Such exercises are easy on applying the basic GCD laws that I mentioned in your prior questions, viz. the associative, commutative, distributive and modular law $\rm\:(a,b+c\:a) = (a,b)\:.$ In fact, to make such proofs more intuitive one can write $\rm\:gcd(a,b)\:$ as $\rm\:a\dot+ b\:$ and then use familar arithmetic laws, e.g. see this proof of the GCD Freshman's Dream $\rm\:(a\:\dot+\: b)^n =\: a^n\: \dot+\: b^n\:.$

NOTE $\ $ Also worth emphasis is that not only are proofs using GCD laws more general, they are also more efficient notationally, hence more easily comprehensible. As an example, below is a proof using the GCD laws, followed by a proof using the Bezout identity (from Gerry's answer).
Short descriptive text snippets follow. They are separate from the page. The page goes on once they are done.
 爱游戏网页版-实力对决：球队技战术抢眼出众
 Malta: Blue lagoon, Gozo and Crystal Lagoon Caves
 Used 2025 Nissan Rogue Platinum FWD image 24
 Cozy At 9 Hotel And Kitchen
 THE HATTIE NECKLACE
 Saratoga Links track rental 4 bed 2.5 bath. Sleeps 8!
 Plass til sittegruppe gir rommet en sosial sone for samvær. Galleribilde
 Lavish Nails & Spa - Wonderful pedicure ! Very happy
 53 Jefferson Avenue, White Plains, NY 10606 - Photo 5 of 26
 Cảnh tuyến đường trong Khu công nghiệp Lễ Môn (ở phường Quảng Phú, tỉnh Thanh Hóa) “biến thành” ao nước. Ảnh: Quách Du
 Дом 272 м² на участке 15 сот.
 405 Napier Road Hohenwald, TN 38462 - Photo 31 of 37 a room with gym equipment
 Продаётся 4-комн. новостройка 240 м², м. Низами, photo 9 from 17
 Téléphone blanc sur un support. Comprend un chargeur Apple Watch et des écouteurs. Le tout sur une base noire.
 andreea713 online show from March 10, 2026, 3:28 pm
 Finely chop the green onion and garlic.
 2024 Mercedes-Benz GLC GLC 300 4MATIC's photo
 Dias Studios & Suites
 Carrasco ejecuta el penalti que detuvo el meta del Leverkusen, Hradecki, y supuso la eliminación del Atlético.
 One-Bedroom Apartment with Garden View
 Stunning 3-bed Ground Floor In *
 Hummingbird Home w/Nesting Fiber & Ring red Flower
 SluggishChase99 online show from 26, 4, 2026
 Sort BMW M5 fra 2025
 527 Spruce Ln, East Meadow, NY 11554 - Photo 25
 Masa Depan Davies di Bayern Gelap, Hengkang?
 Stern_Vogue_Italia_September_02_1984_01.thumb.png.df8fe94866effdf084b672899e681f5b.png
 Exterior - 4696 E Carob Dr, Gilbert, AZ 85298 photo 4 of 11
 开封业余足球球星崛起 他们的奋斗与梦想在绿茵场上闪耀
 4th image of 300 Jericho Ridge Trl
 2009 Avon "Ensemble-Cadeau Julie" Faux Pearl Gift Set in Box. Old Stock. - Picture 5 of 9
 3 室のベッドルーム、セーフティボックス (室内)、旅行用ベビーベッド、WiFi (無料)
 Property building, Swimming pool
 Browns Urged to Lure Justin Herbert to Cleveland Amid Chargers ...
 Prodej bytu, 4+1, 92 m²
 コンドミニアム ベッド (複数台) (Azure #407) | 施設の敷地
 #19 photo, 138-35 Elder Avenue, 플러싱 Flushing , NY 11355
$\begin{eqnarray} \qquad 1&=& &\rm(a\:,\ \ n)\ &\rm (b\:,\ \ n)&=&\rm\:(ab,\ &\rm n\:(a\:,\ &\rm b\:,\ &\rm n))\ \ =\ \ (ab,n) \\ 1&=&\rm &\rm (ar\!\!+\!\!ns)\:&\rm(bt\!\!+\!\!nu)&=&\rm\ \ ab\:(rt)\!\!+\!\!&\rm n\:(aru\!\!+\!\!&\rm bst\!\!+\!\!&\rm nsu)\ \ so\ \ (ab,n)=1 \end{eqnarray}$

Notice how the first proof using GCD laws avoids all the extraneous Bezout variables $\rm\:r,s,t,u\:,\:$ which play no conceptual role but, rather, only serve to obfuscate the true essence of the matter. Further, without such noise obscuring our view, we can immediately see a natural generalization of the GCD-law based proof, namely

$$\rm\ (a,\ b,\ n)\ =\ 1\ \ \Rightarrow\ \ (ab,\:n)\ =\ (a,\ n)\:(b,\ n) $$

This quickly leads to various refinement-based views of unique factorizations, e.g. the Euclid-Euler Four Number Theorem (Vierzahlensatz) or, more generally, Schreier refinement and Riesz interpolation. See also Paul Cohn's excellent 1973 Monthly survey Unique Factorization Domains.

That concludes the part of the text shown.